## Given records

━━━━━━━━━━━━━━━━━━━━

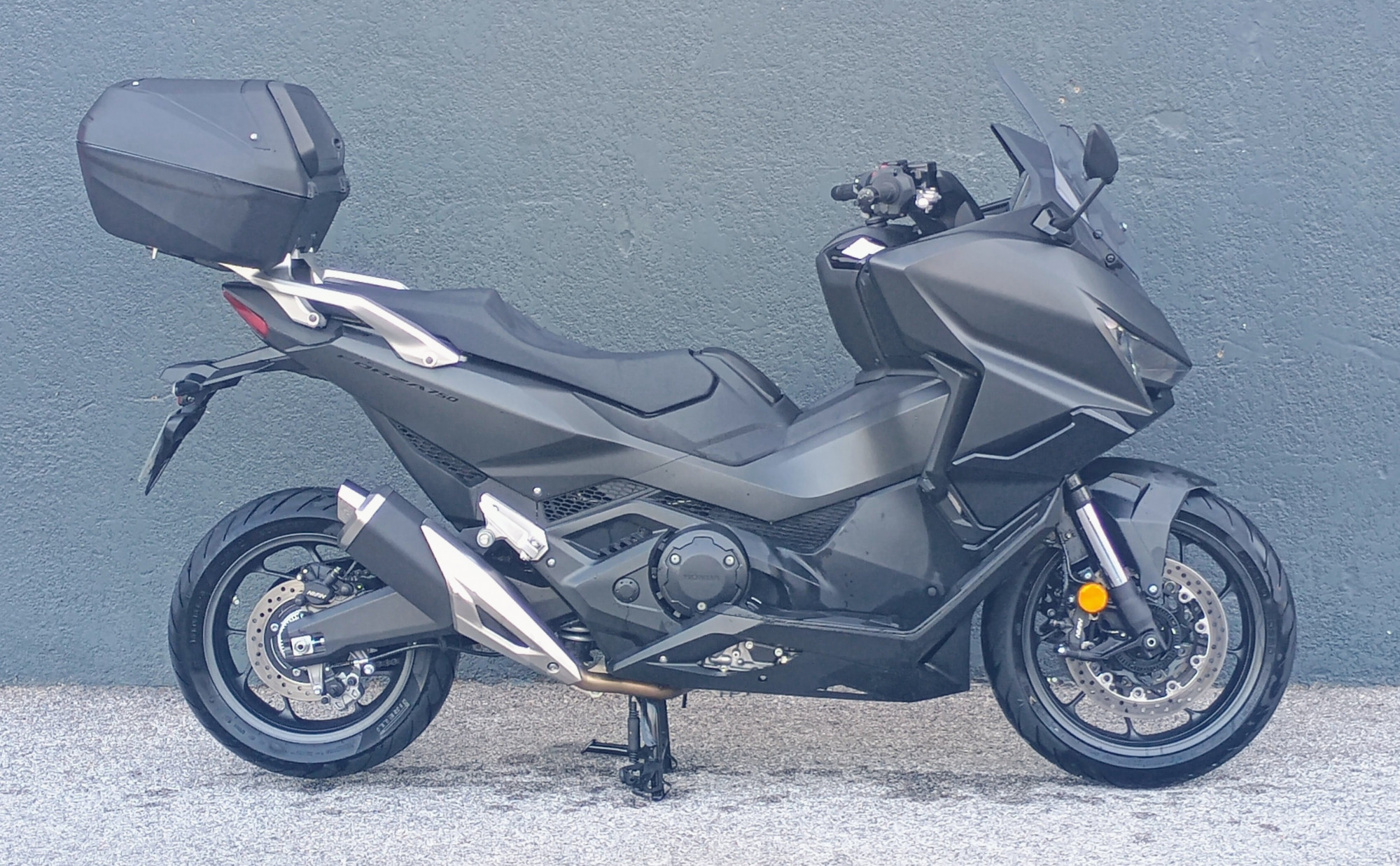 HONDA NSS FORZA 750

━━━━━━━━━━━━━━━━━━━━

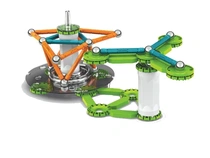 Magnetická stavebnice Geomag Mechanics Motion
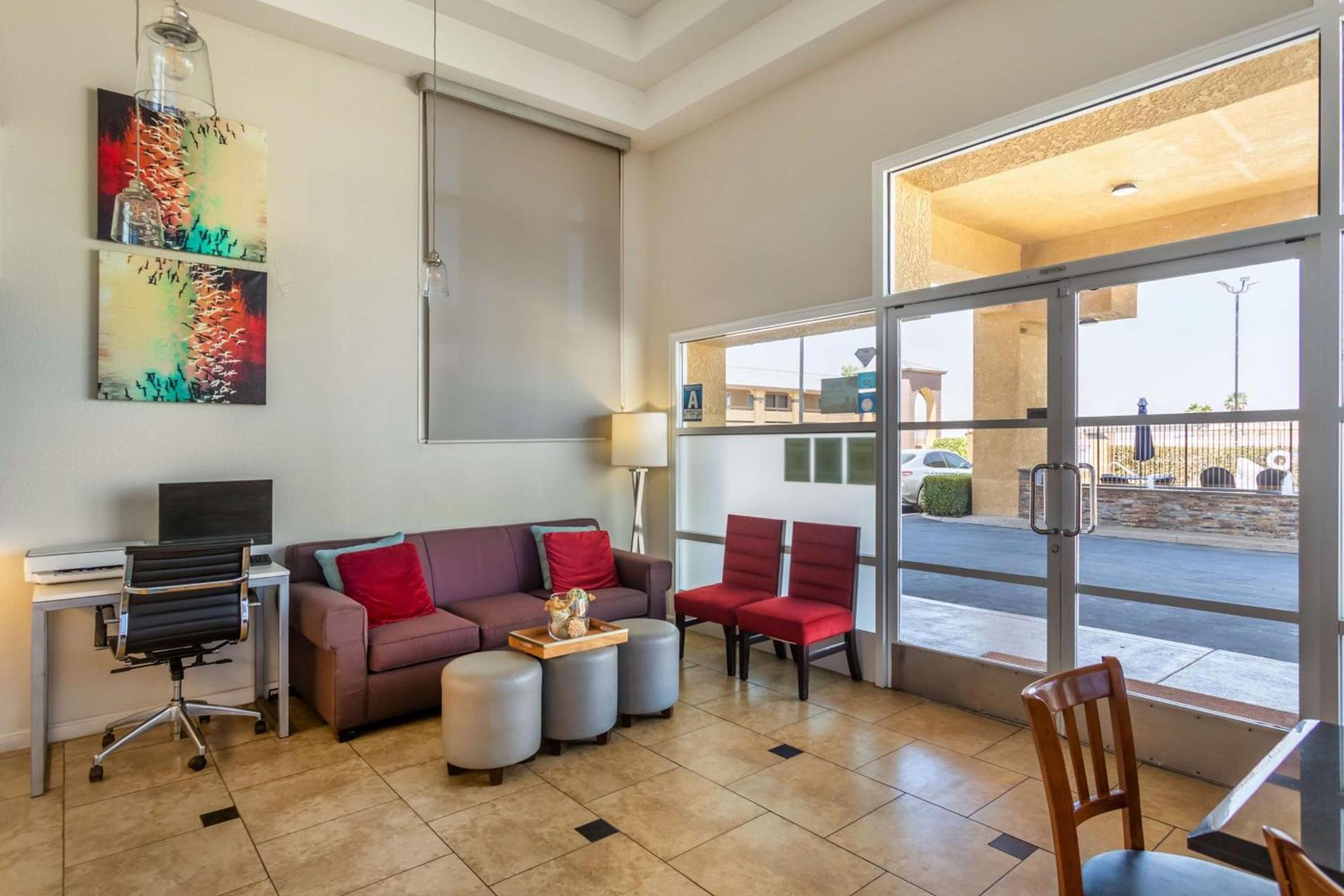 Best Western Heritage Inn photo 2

━━━━━━━━━━━━━━━━━━━━

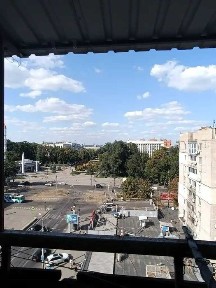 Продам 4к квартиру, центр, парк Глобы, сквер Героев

━━━━━━━━━━━━━━━━━━━━

## Required work
Range to copy from the listing above: the line containing "Magnetická stavebnice Geomag" down to the line containing "Best Western Heritage Inn photo 2", both included. Reproduce it exactly, minus the pictures, and add nothing.

## Result below
 Magnetická stavebnice Geomag Mechanics Motion
 Best Western Heritage Inn photo 2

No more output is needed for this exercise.